● TASK INSTRUCTIONS
When you write out the listing, keep each word exactly as it stands but include none of its images.

● RAW DATA
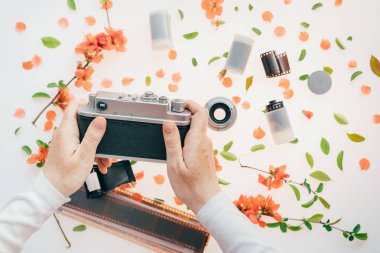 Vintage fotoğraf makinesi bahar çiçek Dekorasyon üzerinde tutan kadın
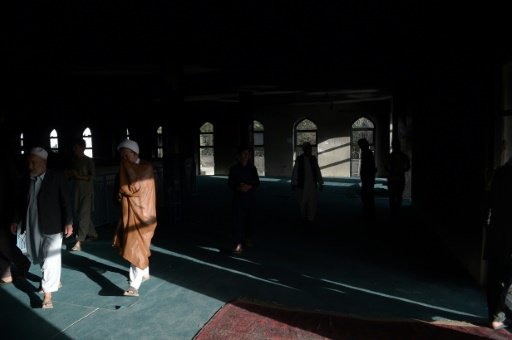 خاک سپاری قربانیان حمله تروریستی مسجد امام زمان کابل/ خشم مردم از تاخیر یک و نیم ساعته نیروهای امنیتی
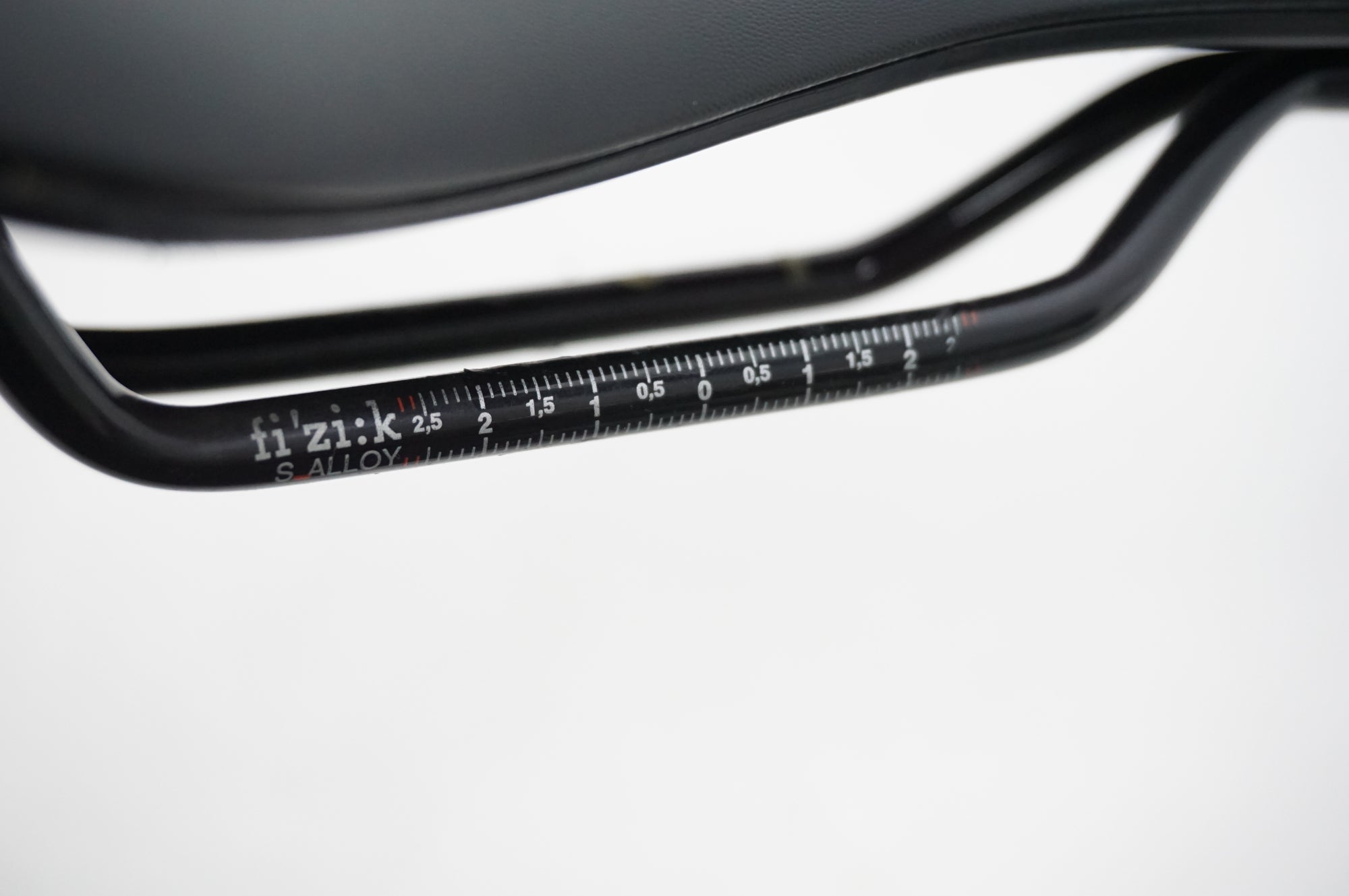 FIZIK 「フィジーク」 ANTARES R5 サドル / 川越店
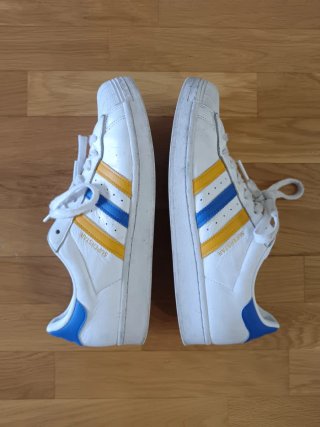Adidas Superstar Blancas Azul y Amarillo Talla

● RESULT OF THIS TASK
 Vintage fotoğraf makinesi bahar çiçek Dekorasyon üzerinde tutan kadın
 خاک سپاری قربانیان حمله تروریستی مسجد امام زمان کابل/ خشم مردم از تاخیر یک و نیم ساعته نیروهای امنیتی
 FIZIK 「フィジーク」 ANTARES R5 サドル / 川越店
Adidas Superstar Blancas Azul y Amarillo Talla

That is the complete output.